DOE backs Prime Infra gas aggregation framework
THE proposed gas aggregation strategy of Razon-led Prime Infrastructure Capital Inc. (Prime Infra) and Lopez-led First Gen Corp. won the support of the Department of Energy (DOE).
Energy Secretary Raphael Lotilla said the proposal could help cushion the impact of a surge in prices of liquefied natural gas (LNG) because of the Ukraine-Russia war.
To cushion the war’s impact on the Philippine power sector, which has seen two LNG facilities already completed, Lotilla said supply from the Malampaya gas field can be aggregated with imported LNG.
“That’s what we are trying to prevent from happening in terms of spikes in the price of imported LNG and the plan is to blend the lower price of Malampaya natural gas with imported LNG so that we can soften the impact or the volatilities of imported LNG,” Lotilla said in an interview with One News.
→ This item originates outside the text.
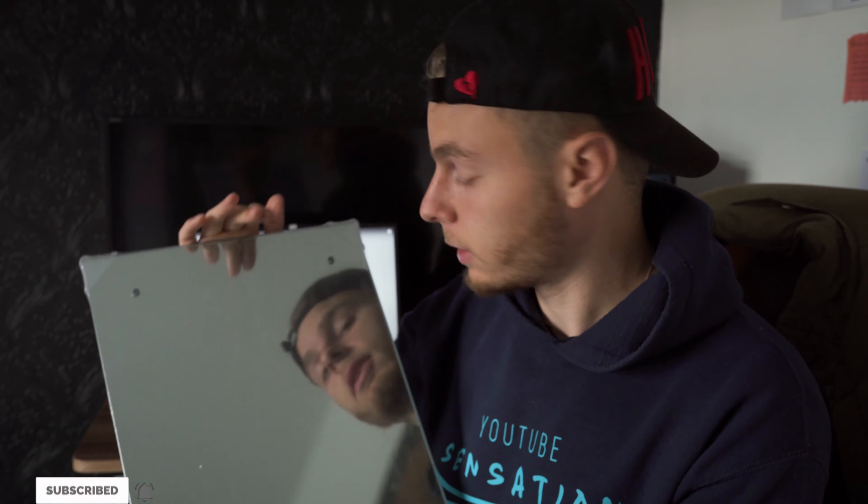So first things first, all you need to do is just grab a mirror that's fairly big — bigger than your laptop — because it needs to go over the keyboard. Once you've got that set up, all you want to do then is find some free stock footage on YouTube.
He said supply of LNG was expected to rise by 2025 so “the expectation is that prices of LNG will soften as well.”
Prime Infra and First Gen are already in discussions to develop a gas aggregation framework meant to aggregate declining supply from Malampaya with imported LNG.
The framework would provide the lowest cost possible for consumers and also bring these benefits:
- Enhanced energy security and competitive market for power generation.
- Complement ongoing commercial development of new indigenous natural gas fields.
First Gen is developing an integrated LNG and regasification terminal at its complex in Batanags City.
Prime Infra, through subsidiary Prime Energy Resources Development B.V., heads the Malampaya consortium. It holds a 45% operating stake in the Malampaya gas-to-power project.
President Ferdinand “Bongbong” Marcos Jr. has extended the consortium’s service contract for 15 years, ensuring continued production at the Malampaya gas field, which delivers around 20 percent of the country’s electricity requirements.
Under the terms of the extended contract, the consortium is required to develop additional supply around the Malampaya reservoir.
Lotilla said it was necessary to extend the service contract so that the consortium would be encouraged to drill new wells near the Malampaya field.
“Towards 2024, we are going to see the actual drilling in the near fields,” Lotilla said.
“The next step to that, since the drilling facilities will already be here, is it will actually be cheaper for drilling and other exploratory activities to be conducted in nearby areas of the country as well,” said Lotilla, referring to Sulu Sea and areas in the West Philippine Sea.
Imported LNG would fill any gap “because the gestation period for the full development of all the other alternative gas fields will take some time,” he said.
“The importation of LNG will therefore secure the gas supply for the Ilijan and the First Gas plants in the meantime that we don’t have sufficient natural gas supply from Malampaya,” said the energy chief.
Prime Infra had said that the proposed framework would also tap the Malampaya consortium’s expertise in the natural gas market and would lead to reliable and lower cost of clean gas for the country’s power plants.
The gas aggregator framework “establishes a resilient and efficient natural gas supply chain,” Prime Infra president and CEO Guillaume Lucci earlier said.
The proposal, he added, “would ensure a stable and sustainable baseload power supply.”